Le meilleur gardien du monde


Avant ce funeste jour dans l’histoire du Brésil et de son gardien, la vie de Moacir Barbosa ressemblait à un conte de fée. Issu d’un quartier pauvre de Campinas dans l’État de Sao Paulo, le gamin avait connu les dures journées de travail à l’usine avant de pouvoir s’en sortir grâce au football. D’abord ailier gauche, il se retrouve gardien de but un beau jour où le titulaire est blessé. Il ne quittera jamais plus les cages. En 1945, il tape dans l’œil des recruteurs de l’immense club de Vasco de Gama qui fait de lui son nouveau gardien. La même année, il intègre la Seleçao et devient le premier gardien de but noir de l’histoire de la sélection. Dès lors, le gamin de Campinas s’impose comme l’un des tous meilleurs gardiens du monde à son poste, faisant notamment figure de précurseur par sa faculté de sortir de ses buts pour couvrir ses défenseurs mais aussi par son excellent jeu au pied hérité de ses années sur le champ. « Athlète complet, puissant, félin », dixit le journaliste de L’Equipe Jacques de Ryswick, Moacir Barbosa arrive à la Coupe du Monde 1950 en pleine possession de ses moyens. A 29 ans, il est au sommet de sa carrière.


Le Mondial 1950


Première Coupe du Monde de l’après-guerre, le Mondial 1950 est le seul de l’histoire à ne pas avoir adopté le format habituel de la coupe, à savoir des matchs à élimination direct à partir des 1/8ème de finale. A la place, les vainqueurs des quatre poules se retrouvaient au sein d’une poule finale pour un mini championnat, le premier étant désigné champion du monde. Tombé dans une poule relevée avec la Yougoslavie, le Mexique et la Suisse, les brésiliens réalisent une entrée en matière parfaite en disposant des Mexicains sur le score de 4 buts à 0. Après un deuxième match accroché contre la Suisse (2-2), ils valident leur qualification à la faveur d’une dernière victoire maîtrisée contre la Yougoslavie (2-0). Montant en puissance depuis le début de la compétition, les Auriverde atteignent le sommet de leur potentiel pour la poule finale. En deux matchs, ils tuent quasiment tout suspens en détruisant la Suède 7-1 et l’Espagne 6-1. Dans les buts, Barbosa passe une compétition pour le moins tranquille tant ses partenaires surclassent leurs adversaires. Ce parcours parfait ne ressemble en rien à celui de l’Uruguay. Si sa qualification pour la poule finale a grandement été facilité par le forfait de la France, de l’Ecosse et de la Turquie (pour se qualifier, les Uruguayens n’ont eu qu’à disposer de la faible Bolivie), la Celeste est à la peine dans cette dernière ligne droite. Face à l’Espagne, elle a bataillé ferme pour arracher un match nul à 20 minutes du terme (2-2) tandis que sa victoire face à la Suède s’est dessiné dans les tous derniers instants (3-2, avec un doublé d’Oscar Miguez dans le dernier quart d’heure). Ainsi, avant la dernière rencontre du tournoi, l’Uruguay doit absolument s’imposer face au Brésil si elle souhaite devenir championne du monde. En cas de match nul ou de défaite, c’est la Seleçao qui offrira à tout un peuple un sacre que ce dernier croit déjà acquis. Gonflés à bloc par la confiance véhiculée par les médias mais aussi les dirigeants du football brésilien, les 200 000 personnes qui se pressent au Maracana en ce 16 juillet 1950 ne s’imaginent pas un seul instant qu’ils vont vivre l’une des pires journées de l’histoire du pays.

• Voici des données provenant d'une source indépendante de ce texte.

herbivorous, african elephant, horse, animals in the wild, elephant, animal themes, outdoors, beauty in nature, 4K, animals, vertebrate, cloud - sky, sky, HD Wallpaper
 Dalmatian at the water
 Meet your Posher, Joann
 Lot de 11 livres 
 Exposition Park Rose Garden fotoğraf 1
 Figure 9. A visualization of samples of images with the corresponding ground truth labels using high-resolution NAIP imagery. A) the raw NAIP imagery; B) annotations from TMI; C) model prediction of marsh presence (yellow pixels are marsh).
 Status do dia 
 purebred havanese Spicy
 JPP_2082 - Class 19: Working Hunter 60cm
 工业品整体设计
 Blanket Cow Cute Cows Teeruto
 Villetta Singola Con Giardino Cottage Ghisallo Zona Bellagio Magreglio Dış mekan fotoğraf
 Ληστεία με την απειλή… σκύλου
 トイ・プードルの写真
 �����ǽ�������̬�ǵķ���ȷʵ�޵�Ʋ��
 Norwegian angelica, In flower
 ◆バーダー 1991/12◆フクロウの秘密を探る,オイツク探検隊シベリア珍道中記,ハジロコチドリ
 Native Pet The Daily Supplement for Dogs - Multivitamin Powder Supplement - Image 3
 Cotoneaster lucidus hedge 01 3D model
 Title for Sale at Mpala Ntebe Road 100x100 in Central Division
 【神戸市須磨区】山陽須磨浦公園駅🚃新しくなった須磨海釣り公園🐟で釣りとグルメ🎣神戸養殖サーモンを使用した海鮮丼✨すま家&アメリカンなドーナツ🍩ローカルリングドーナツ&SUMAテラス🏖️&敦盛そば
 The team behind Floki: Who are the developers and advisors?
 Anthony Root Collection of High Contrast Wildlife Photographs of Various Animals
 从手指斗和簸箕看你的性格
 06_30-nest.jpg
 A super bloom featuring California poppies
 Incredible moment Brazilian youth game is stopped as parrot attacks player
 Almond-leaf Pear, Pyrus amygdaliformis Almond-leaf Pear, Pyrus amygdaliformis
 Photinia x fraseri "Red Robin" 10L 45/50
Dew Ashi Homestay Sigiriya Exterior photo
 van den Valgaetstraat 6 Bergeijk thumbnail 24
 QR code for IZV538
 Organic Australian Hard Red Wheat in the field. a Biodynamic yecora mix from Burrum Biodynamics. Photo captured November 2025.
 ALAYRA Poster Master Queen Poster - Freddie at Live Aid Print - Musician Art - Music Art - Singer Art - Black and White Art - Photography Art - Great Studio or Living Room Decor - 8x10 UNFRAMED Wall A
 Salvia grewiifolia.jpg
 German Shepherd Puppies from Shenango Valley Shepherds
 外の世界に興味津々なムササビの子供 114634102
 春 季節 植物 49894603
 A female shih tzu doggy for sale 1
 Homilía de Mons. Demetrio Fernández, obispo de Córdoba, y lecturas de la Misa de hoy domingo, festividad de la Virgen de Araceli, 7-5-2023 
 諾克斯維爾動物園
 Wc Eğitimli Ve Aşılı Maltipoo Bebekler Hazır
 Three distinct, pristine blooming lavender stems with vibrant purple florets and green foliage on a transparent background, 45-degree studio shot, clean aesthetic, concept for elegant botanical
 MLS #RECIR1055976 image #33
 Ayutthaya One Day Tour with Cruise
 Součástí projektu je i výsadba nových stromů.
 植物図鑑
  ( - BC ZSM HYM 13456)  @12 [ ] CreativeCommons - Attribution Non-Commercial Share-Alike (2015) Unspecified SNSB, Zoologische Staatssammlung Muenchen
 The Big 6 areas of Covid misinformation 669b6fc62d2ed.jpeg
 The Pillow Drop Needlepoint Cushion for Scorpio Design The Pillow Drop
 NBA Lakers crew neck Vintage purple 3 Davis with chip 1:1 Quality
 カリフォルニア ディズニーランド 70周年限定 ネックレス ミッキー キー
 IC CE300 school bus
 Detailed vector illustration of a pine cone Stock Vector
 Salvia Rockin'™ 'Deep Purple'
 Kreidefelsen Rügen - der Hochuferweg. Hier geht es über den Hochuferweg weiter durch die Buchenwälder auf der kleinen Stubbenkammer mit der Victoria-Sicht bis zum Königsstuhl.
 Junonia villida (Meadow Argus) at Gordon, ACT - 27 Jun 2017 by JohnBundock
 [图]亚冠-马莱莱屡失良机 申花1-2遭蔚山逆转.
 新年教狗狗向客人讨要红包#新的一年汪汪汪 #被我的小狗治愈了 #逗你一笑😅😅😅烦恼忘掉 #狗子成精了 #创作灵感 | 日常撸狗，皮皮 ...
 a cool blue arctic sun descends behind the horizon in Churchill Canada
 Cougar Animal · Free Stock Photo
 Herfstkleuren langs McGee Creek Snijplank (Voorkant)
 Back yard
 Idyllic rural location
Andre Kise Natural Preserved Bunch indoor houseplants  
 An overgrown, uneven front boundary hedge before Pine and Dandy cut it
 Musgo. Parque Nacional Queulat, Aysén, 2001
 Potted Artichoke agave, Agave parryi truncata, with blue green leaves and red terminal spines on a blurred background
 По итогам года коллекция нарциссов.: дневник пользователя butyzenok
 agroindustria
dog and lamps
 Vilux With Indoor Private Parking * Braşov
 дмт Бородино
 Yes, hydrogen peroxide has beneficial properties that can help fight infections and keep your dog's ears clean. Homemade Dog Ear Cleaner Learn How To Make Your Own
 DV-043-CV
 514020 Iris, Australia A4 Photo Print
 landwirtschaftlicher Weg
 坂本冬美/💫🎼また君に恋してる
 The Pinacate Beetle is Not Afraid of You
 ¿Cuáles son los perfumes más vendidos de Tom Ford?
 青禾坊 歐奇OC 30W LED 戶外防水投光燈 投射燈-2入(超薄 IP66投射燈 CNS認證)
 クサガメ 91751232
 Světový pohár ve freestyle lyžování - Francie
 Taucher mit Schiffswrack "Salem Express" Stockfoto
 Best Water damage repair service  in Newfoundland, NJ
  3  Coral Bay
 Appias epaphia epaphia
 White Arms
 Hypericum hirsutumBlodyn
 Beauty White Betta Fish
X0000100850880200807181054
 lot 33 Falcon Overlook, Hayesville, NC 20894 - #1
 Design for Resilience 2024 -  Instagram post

La perpétuité pour Moacir Barbosa


La suite de l’histoire est transmise inlassablement de père en fils depuis maintenant plusieurs générations. Alors que le Brésil mène 1 but à 0 grâce à un but de Friaça à la 47ème minute, l’histoire bascule. Lancé en profondeur sur le côté droit, l’attaquant uruguayen Alcides Ghiggia trouve son coéquipier Schiaffino en retrait et lui offre l’égalisation. Stupeur dans le stade, l’atmosphère devient irrespirable. Puis, à la 79ème minute, c’est le drame. L’action, Moacir Barbosa a dû se la repasser en boucle tout au long de sa vie. Lancé sur le côté comme sur le premier but, Ghiggia s’apprête à centrer puis, au dernier moment, décoche une frappe sèche au premier poteau. Coupable d’avoir trop anticipé le centre, Barbosa est battu sous les cris d’effroi du Maracana. Sportivement parlant, ce deuxième but est logique. Tétanisés depuis l’égalisation les coéquipiers de Barbosa ne cessaient de reculer depuis et n’étaient restés en vie que grâce aux parades de leur gardien de but face à Schiaffino et Ghiggia. Ces parades seront oubliées. Dans une atmosphère de dépression générale, où des cas de suicides sont même relevés, le bouc-émissaire est tout trouvé : pour son erreur d’appréciation sur le but de Ghiggia, Moacir Barbosa devient pour le restant de sa vie « l’homme qui a fait pleurer 70 millions de personnes ». Des années plus tard, l’attaquant uruguayen tentera de consoler le gardien brésilien en lui expliquant que le vrai coupable était en réalité le demi brésilien Bigode qui était chargé de le marquer. En vain.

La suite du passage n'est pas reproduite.